Stream Powers Feeds and Chat for over 500 Million End Users with AWS
Guest post by Thierry Schellenbach, the CEO and Co-founder of Stream
Since the founding of Stream in 2014, Stream has been a loyal and enthusiastic customer of AWS. Thierry Schellenbach, the Co-Founder and CEO of Stream, announced the new venture at the AWS Summit in Amsterdam along with Co-Founder and CTO Tommaso Barbugli.
Stream has come a long way since they first started working with AWS, and now powers feeds and chat for more than 500 million end-users. In this blog post, we’ll cover some of the best practices and AWS services that allowed them to sustain this rapid growth.
Stream is a firm believer in building only the infrastructure that you need to run your core product and outsourcing the rest to third-party providers who specialize in the area in which you need additional support.
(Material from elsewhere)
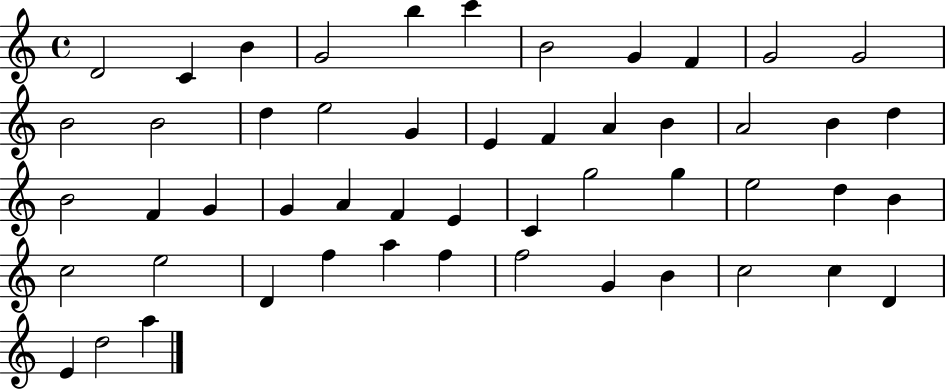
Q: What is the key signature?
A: C major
An excellent example of this is the Stream API log. For high availability and resiliency, the company stores all API calls and can replay them if something goes wrong. The API request log is built entirely on top of AWS architecture using Amazon Kinesis (the Kinesis Firehose), and AWS Lambda, allowing for high availability and uptime, as well as flexibility, and cost-efficiency.
The same goes for architecture such as load balancers, the PostgreSQL database for configurations, and asset storage. All the basics are, of course, handled by AWS so Stream can focus on building a fully managed chat and feed infrastructure for their customer base.
By outsourcing infrastructure that does not provide functionality that is core to your product, you can focus extensively on what makes your app or API unique. When the founders started Stream, they were heavily leveraging Cassandra for their workload. Cassandra was a good fit; however, after time, the performance and associated cost proved to not be ideal for the high demand that the Stream platform sees on a day to day basis.
For the past two years, Stream has been running a custom-built database dubbed “Keevo” which runs on top of EC2. The technology is based primarily on Go, RocksDB, Raft, and relies on the blazing fast NVMe storage engine.
In addition to the core products for feeds and chat, Stream offers AI-based moderation within their chat offering. To accomplish moderation at scale, the moderation stack is powered by a set of workers running a Python (Flask) API, hosted directly on EC2 T4 instances. To distribute traffic among the individual workers running on the T4 instances, application-level load balancing (HTTP) is used. Amazon RDS running PostgreSQL is used to store the original text, as well as the results kicked back from the AI-based moderation.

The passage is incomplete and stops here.